But while I agree with his basic premiss, I think it's a more complicated.   While it's true that wars are heck, even the US military has acknowledged that its combat troops in Iraq require more than mere youth/ physical fitness, they need maturity and judgment in dealing with local populations in an alien culture - something older troops are far better able to manage. 

As for the Air Force, congratulations on being selected. Personally, I think 31 is a great age to start pilot training. 

I got my private licence in my late 30s, and at our flight school the best student pilots tended to be older guys. It's interesting, though, because this forum debate about recruits parallels the same debate you often hear in aviation: who makes a better pilot? the younger or older student? - Well, in my estimation younger guys may have better reflexes (maybe), but older guys have maturity and judgment -two elements that are critical in the safe operation of an aircraft in an environment where there is very little room for error.

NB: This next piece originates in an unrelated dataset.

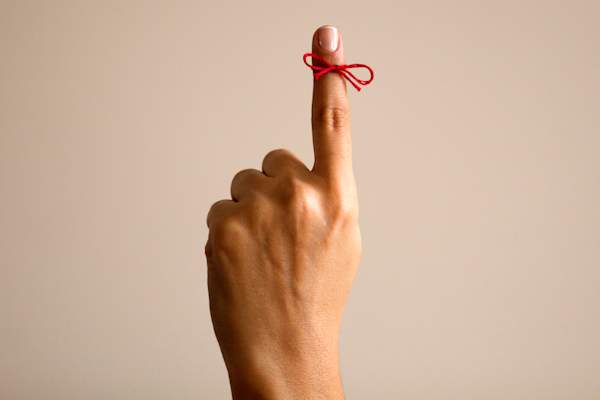 Red ribbon tied around a finger.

Although my demented scribblling may not have succeeded, I wanted to keep this discussion at a more general level about manpower issues. 

I think that fundamentally it doesn't matter what age (within reason) you are - as long as the CF gives you the opportunity, and you meet the training standards (and they are not altered for the sake of expendiency), then age is only one factor in producing good personnel - even in the combat arms. 

Cheers 
mdh


----------



## OLD SCHOOL (20 Aug 2004)

The grizzled veterans can indeed take some of the hard chargers to school but only because they were young hard chargers themselves at one stage. A 40 something WO with a full combat load pulling away from you can be serious motivation indeed. I remember being young, full of piss and vinegar and absolutely floored at the fitness levels of the training NCO's!! Back in the day...some of those hard mothers just about killed me :crybaby: Some of them today in their 60's are still sharp looking Royals! :-*

The one point about age is simple...recovery time! Days to weeks to months to "I remember back in (insert date) when I permanently screwed my (insert bodypart). :skull:

Tough to zero efficiently with bi-focals too!


----------



## Bert (21 Aug 2004)

Everyone has made good points and you can look at the topic from various
perspectives.  

At the beginning, the thread didn't state whether the age issue was related only to
the combat arms or the support trades, or whether its common to all elements.
Age, attitude, fitness, and knowledge all play key roles in all MOCs and elements.

Looking at it from an overall point of view, its difficult to compare the combat arms like 
infantry in the Army to a support trade like an aviation systems technician in the 
Air Force.  The training focus, training schedules, exercises, deployment readiness 
focus, are very much different.  Physical fitness is important eveywhere but more
so in the combat arms and they train for it. The aviation systems technician as
an example may train more on flight-line readiness, rapid deployments and load-outs, 
emergency repairs, or fire and rescue procedures.  Age is not a critical issue in
the support MOCs but I don't have experience in the combat arms to say otherwise.
Ability through knowledge, physical aptitude, and atitude is essential.


----------



## CF104Starfighter (30 Aug 2004)

Ex-Dragoon said:
			
		

> Well since I haven't done BOTC with your sister (or any other BOTC) and have worked with both younger and older newbies the statement is very fair its what I have seen since I remustered to the navy in '94 time and time again.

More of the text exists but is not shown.